### What is required
Retype the whole listing that follows so that it matches the original exactly.

### Source records
+++
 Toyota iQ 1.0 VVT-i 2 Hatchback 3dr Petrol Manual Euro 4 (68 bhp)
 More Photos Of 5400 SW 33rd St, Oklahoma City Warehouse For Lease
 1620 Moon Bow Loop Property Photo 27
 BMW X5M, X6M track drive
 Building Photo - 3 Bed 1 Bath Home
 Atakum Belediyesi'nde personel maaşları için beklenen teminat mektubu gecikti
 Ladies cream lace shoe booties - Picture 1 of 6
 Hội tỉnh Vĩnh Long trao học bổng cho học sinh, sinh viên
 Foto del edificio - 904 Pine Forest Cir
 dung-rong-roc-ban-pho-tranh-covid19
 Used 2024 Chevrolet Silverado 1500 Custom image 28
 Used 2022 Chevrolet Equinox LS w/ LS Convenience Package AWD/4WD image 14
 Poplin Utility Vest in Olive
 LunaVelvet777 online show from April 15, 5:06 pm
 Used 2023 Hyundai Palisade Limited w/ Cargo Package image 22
+++
### Written response
 Toyota iQ 1.0 VVT-i 2 Hatchback 3dr Petrol Manual Euro 4 (68 bhp)
 More Photos Of 5400 SW 33rd St, Oklahoma City Warehouse For Lease
 1620 Moon Bow Loop Property Photo 27
 BMW X5M, X6M track drive
 Building Photo - 3 Bed 1 Bath Home
 Atakum Belediyesi'nde personel maaşları için beklenen teminat mektubu gecikti
 Ladies cream lace shoe booties - Picture 1 of 6
 Hội tỉnh Vĩnh Long trao học bổng cho học sinh, sinh viên
 Foto del edificio - 904 Pine Forest Cir
 dung-rong-roc-ban-pho-tranh-covid19
 Used 2024 Chevrolet Silverado 1500 Custom image 28
 Used 2022 Chevrolet Equinox LS w/ LS Convenience Package AWD/4WD image 14
 Poplin Utility Vest in Olive
 LunaVelvet777 online show from April 15, 5:06 pm
 Used 2023 Hyundai Palisade Limited w/ Cargo Package image 22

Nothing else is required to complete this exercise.